**Work task:**
Only a verbatim restatement of the lines from the one with "New Milky Pure" through the end of the listing below is wanted. Pictures should be left out.

**Record extracts:**
* * * *

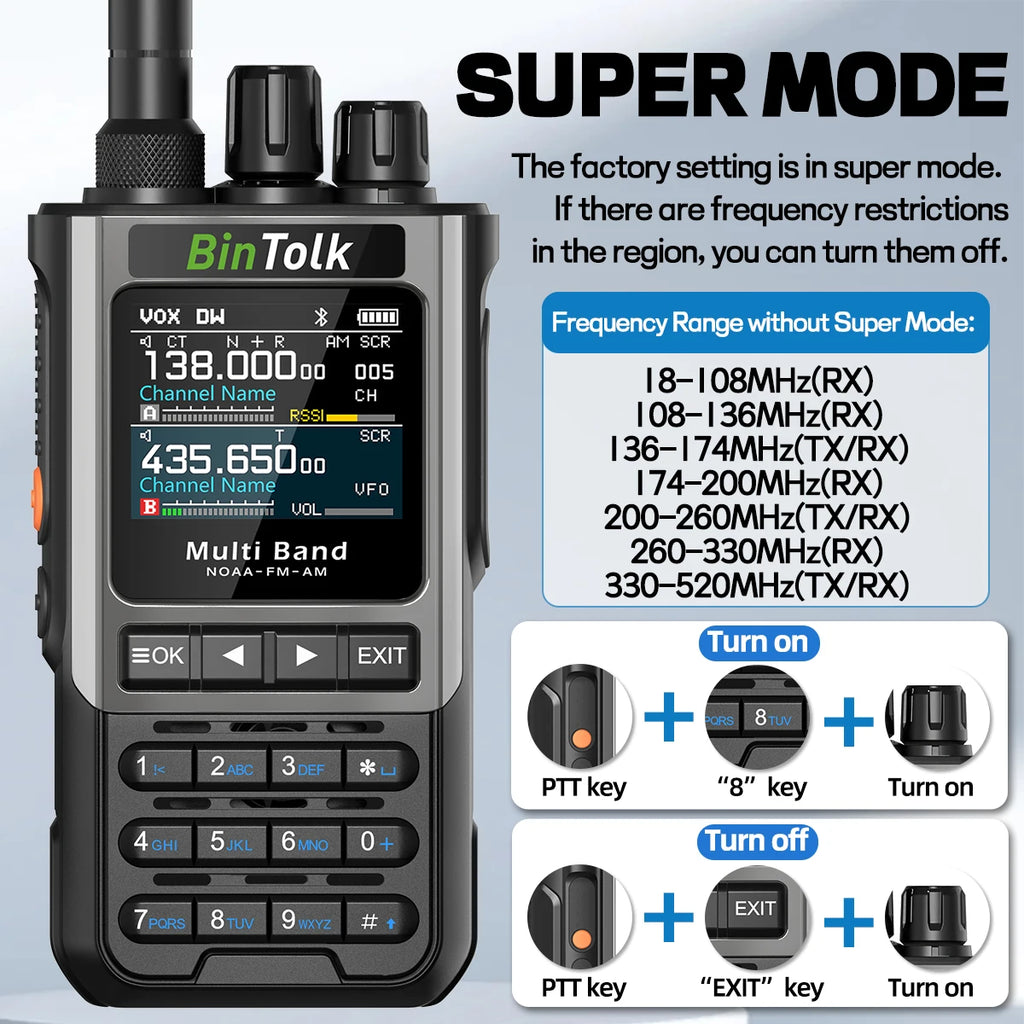 BinTolk BT8200 Walkie Talkie 10W Long Range Full Band Wireless Bluetooth Programming Type-c Charger Noise Reduction CB Ham Radio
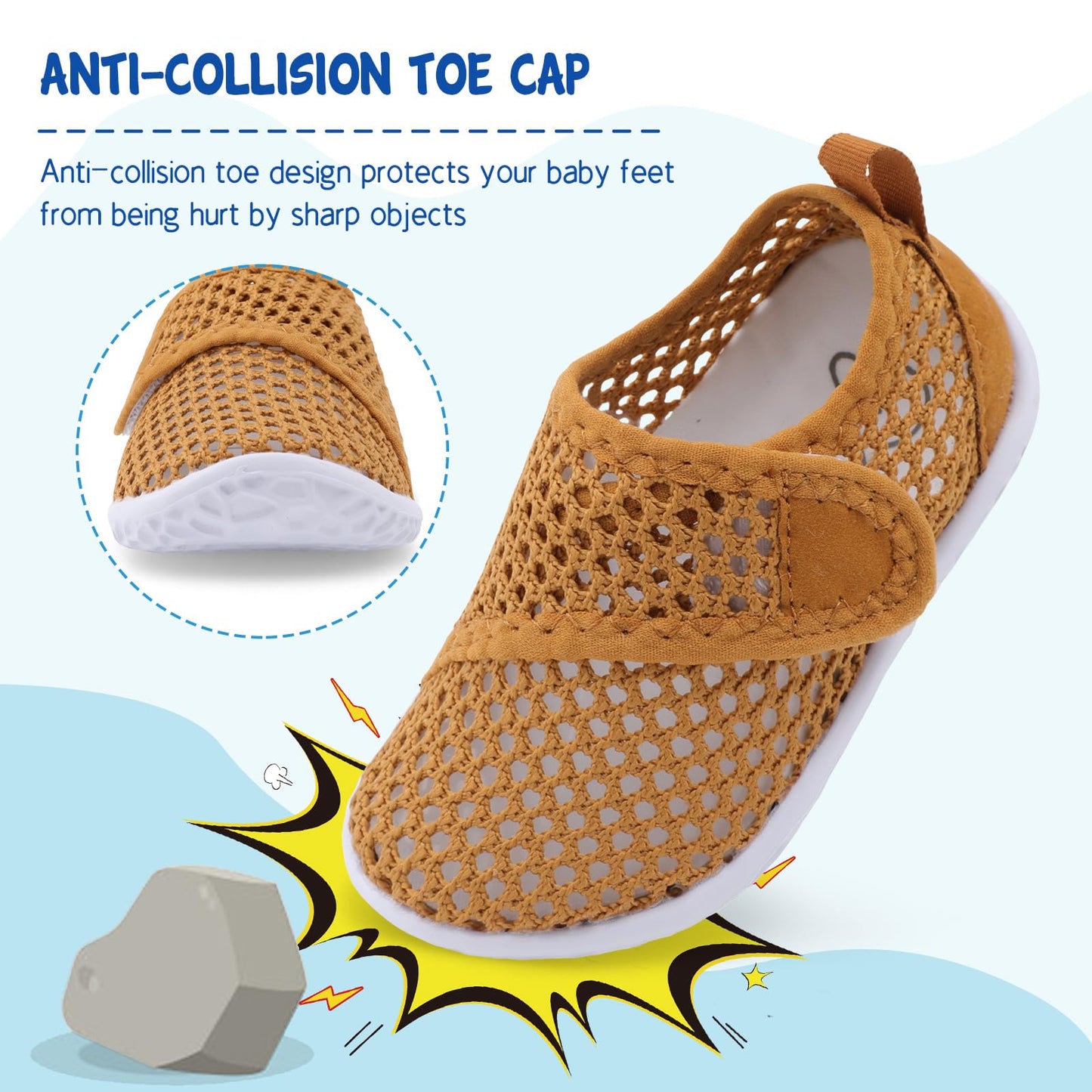 LeIsfIt Kids Water Shoes Toddler Girls Boys Swim Shoes Outdoor Quick-Dry Breathable Aqua Socks for Beach Pool Surf, Brown, 13 Little Kid
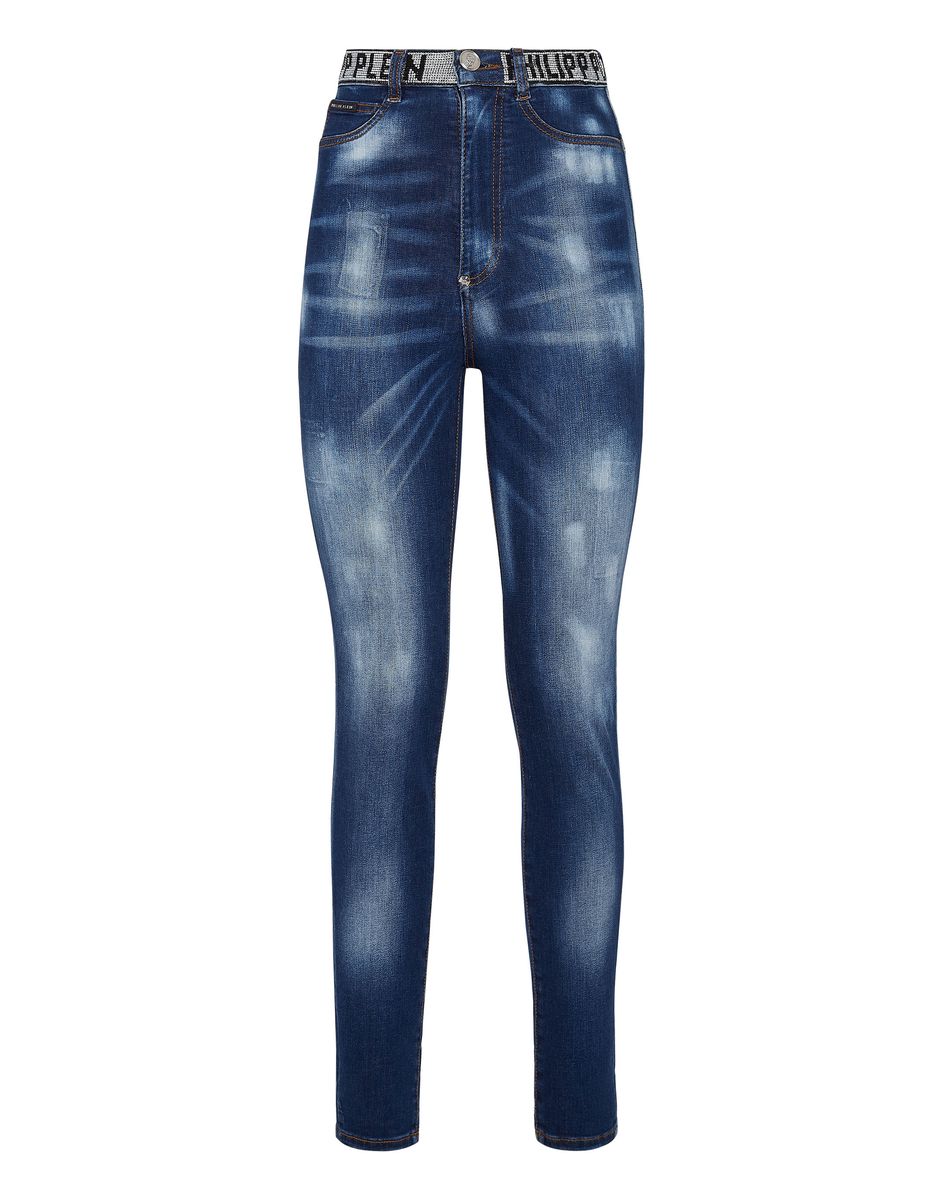 Jeggings mit hoher Taille und Strassbesatz
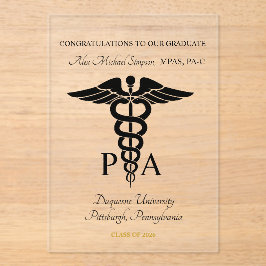 Invitaciones Acrílicas Physician Assistant Acrylic Graduate Announcement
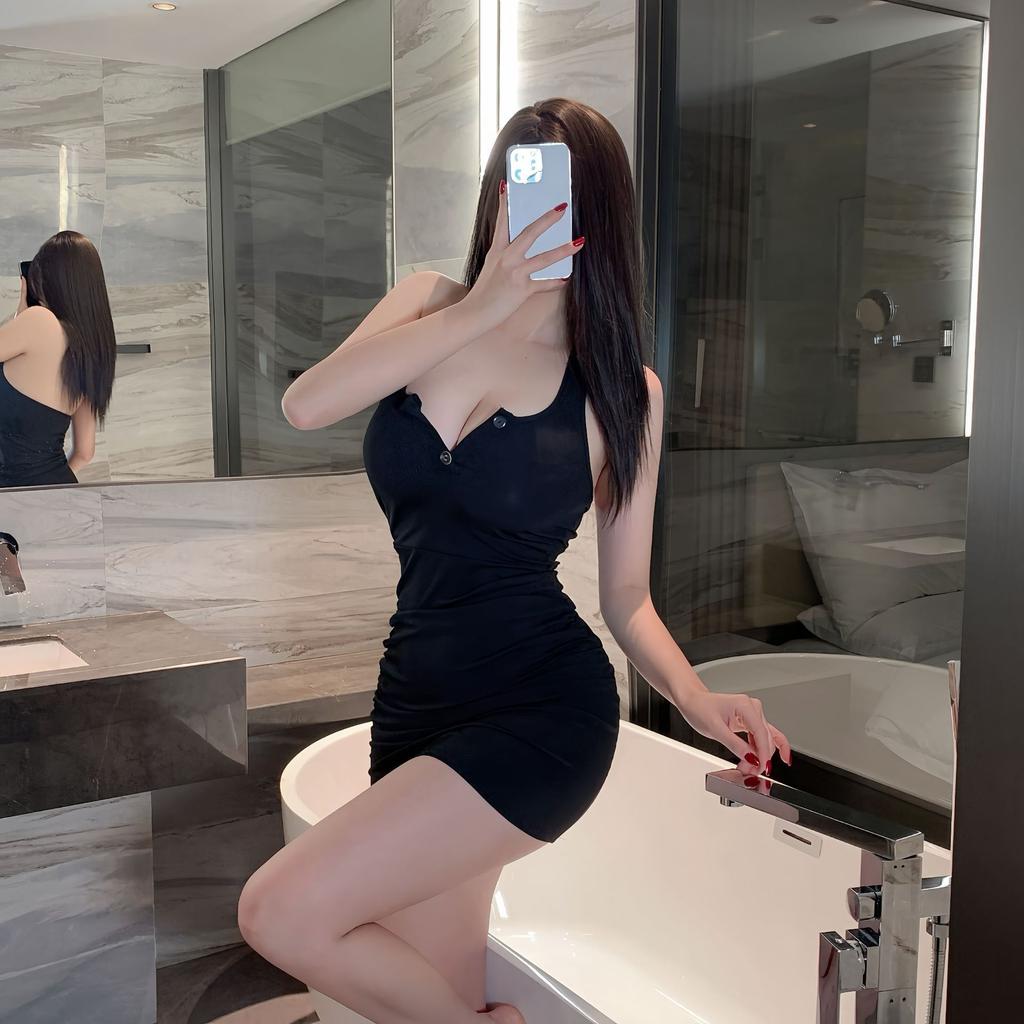 New Milky Pure Desire Sexy Halterneck Open Backpack Hip Skirt Hot Girl Thin Woman Dress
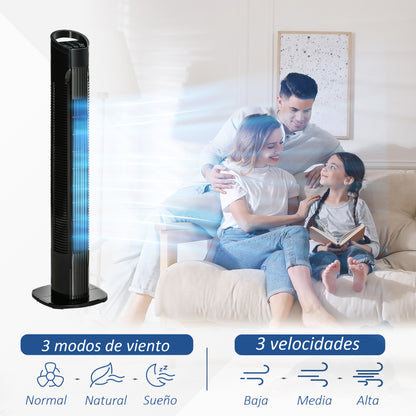 Tower Fan Vertical Fan 50W with Remote Control 3 Speeds LED Display Timer 7.5h and 70° Oscillation Ø20x78.5 cm Black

* * * *

**Answer space:**
 New Milky Pure Desire Sexy Halterneck Open Backpack Hip Skirt Hot Girl Thin Woman Dress
 Tower Fan Vertical Fan 50W with Remote Control 3 Speeds LED Display Timer 7.5h and 70° Oscillation Ø20x78.5 cm Black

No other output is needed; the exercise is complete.